And yet, somehow, Starmer ends the week in No 10, while the gales howl outside. As such, he exhibits a phenomenon which is underrated in understanding how politicians tick – a belief in defying the odds. It's the one reason why Starmer still has some conviction that he can tough it out.
More likely, this will be one of the long goodbyes of politics, of the sort that saw Joe Biden hang on despite an evident long tail of failure, and Justin Trudeau's once-shiny Liberal Party leadership collapse into incoherence. Canada's most recent former prime minister ended up out of office after his finance minister resigned, sending a signal of no confidence.
Starmer will say his chancellor is still on board – but the tone and body language of colleagues obliged to support him is more one of fear and anxiety than confidence, let alone affinity.

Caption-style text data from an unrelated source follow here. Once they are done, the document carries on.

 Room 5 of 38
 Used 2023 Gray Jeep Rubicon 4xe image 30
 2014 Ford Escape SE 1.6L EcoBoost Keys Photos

This belief is often the product of a lifetime of defining oneself as someone who has come through the race of life underrated. Starmer, however, was a late entrant to politics, and believes he has shown more resilience than most of his contemporaries – from a hard-scrabble background, via a grammar school where he underperformed in his A-levels, only to go onto a first-class law degree at Leeds, which got him to Oxford as a postgraduate.
A successful career at the Bar followed and made his way through the bureaucratic quagmire to become Director of Public Prosecutions. Winning the Labour contest by being more adaptable to the Corbyn wing of the party, but just about acceptable to everyone else, set him on course for a 2024 election win.
After such upward-mobility and the sheer determination that it requires, we can understand that Starmer reckons that he has beaten a lot of other folks to positions for which they were deemed better suited. You can see it in the set of his jaw, and the ice of anger in his voice when he threatens chaos and a “dark path” for Britain, if he is ousted from the job.
Alas, the reason the Starmer project has so often faltered in office is that he has not been able to acquire the other skills of convening power, or widening his circle of influence beyond some affably technocratic supporting ministers.
Now, Starmer looks set to face two competitors who also believe they, too, are great odds-beaters. When he resigned from the cabinet on Thursday, Wes Streeting did not “have the cards”, as Donald Trump would bracingly put it, falling short of the 81 MPs' outright support needed to launch a leadership bid. For now, he sees no advantage to himself or Labour in ploughing on. So his gamble is that by resigning and supporting the return of Andy Burnham to Westminster, he gets another roll of the dice, were Burnham to fail in his by-election bid.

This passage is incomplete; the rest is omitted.